Physical characteristics of glasma from the earliest stage of relativistic heavy ion collisions

TL;DR

This paper analytically investigates the early-time properties of the glasma in relativistic heavy ion collisions using a Colour Glass Condensate framework, revealing insights into pressure evolution, flow anisotropy, and angular momentum transfer.

Contribution

It provides a detailed analytic expansion of the gluon field at early times, challenging assumptions about anisotropy development and angular momentum transfer in the initial glasma state.

Findings

Transverse and longitudinal pressures approach equilibrium values quickly.

Azimuthal flow coefficients are larger than expected, indicating early anisotropy.

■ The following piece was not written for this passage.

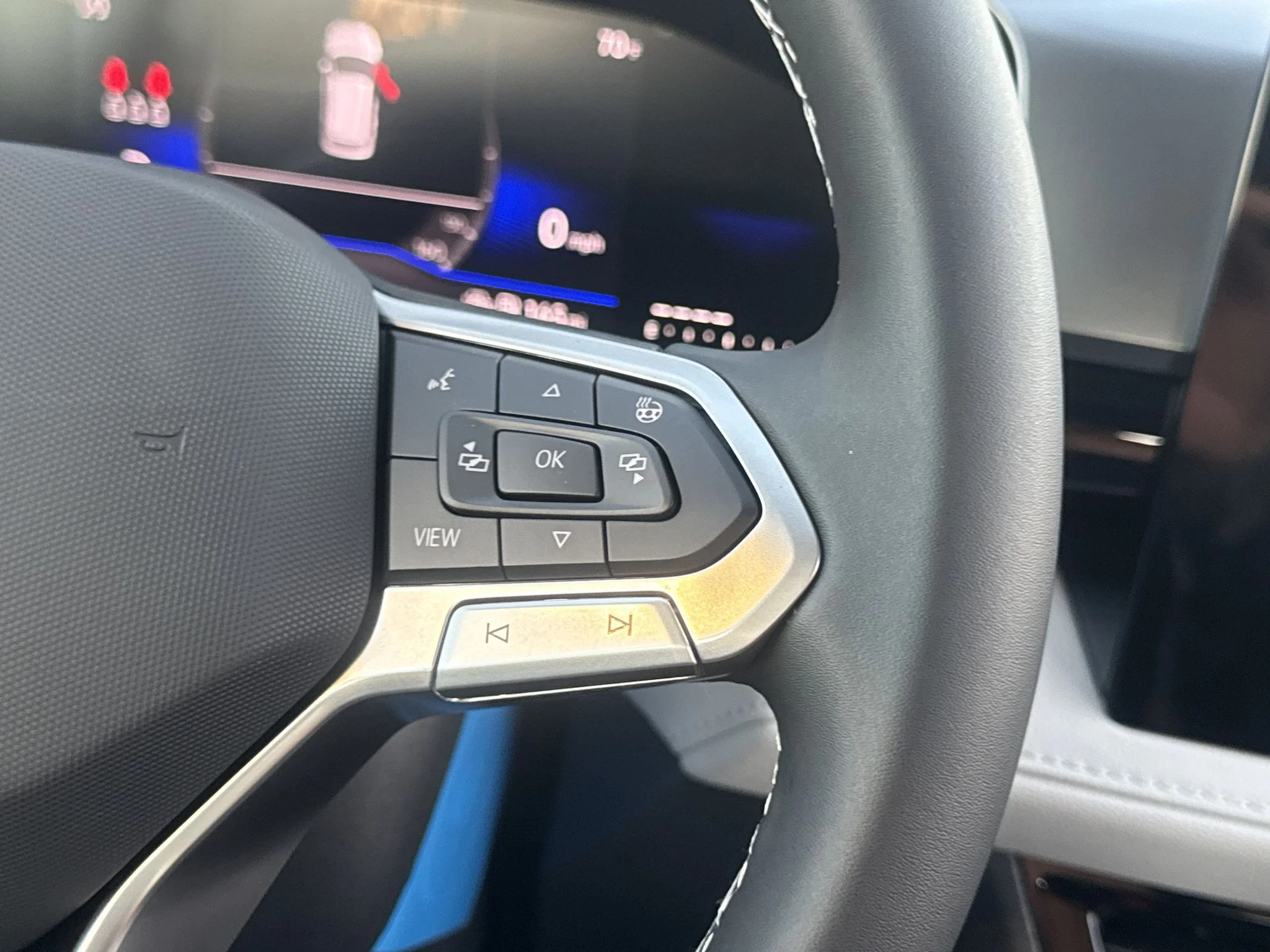 New 2027 Platinum Gray Metallic Volkswagen S image 20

Angular momentum in the glasma is negligible compared to the initial ions.

Abstract

We present analytic results that describe the gluon field, or glasma, at very early times after a collision of relativistic heavy ions at proper time $\tau=0$. We use a Colour Glass Condensate approach, and perform an expansion in $\tau$. The full details of our method are described in our previous paper [1]. In this paper we present an analysis of various physical quantities that can be obtained from the energy-momentum tensor. We show that the expansion to order $\tau^6$ can be trusted to about $\tau=0.05$ fm. For times small enough that the expansion converges, the transverse and longitudinal pressures move towards their equilibrium values of one third of the energy density. The Fourier coefficients of the azimuthal flow are larger than expected, which contradicts the usual assumption that anisotropy is mostly generated during the hydrodynamic evolution of the plasma. We find a significant correlation between the elliptic flow coefficient and the eccentricity, which indicates that the spatial asymmetry introduced by the initial geometry is effectively transmitted to the azimuthal distribution of the gluon momentum field, even at very early times. This result is interesting because correlations of this kind are characteristic of the onset of hydrodynamic behaviour. We show that the angular momentum of the glasma is orders of magnitude smaller than the angular momentum of the initial system of ions colliding with non-zero impact parameter. This indicates that most of the angular momentum carried by the valence quarks is not transmitted to the glasma, and contradicts the picture of a rapidly rotating initial glasma state that has been proposed by several authors, but agrees with the current lack of experimental evidence for a significant polarization effect of the hyperons and vector mesons produced in heavy ion collisions at the highest accessible energies.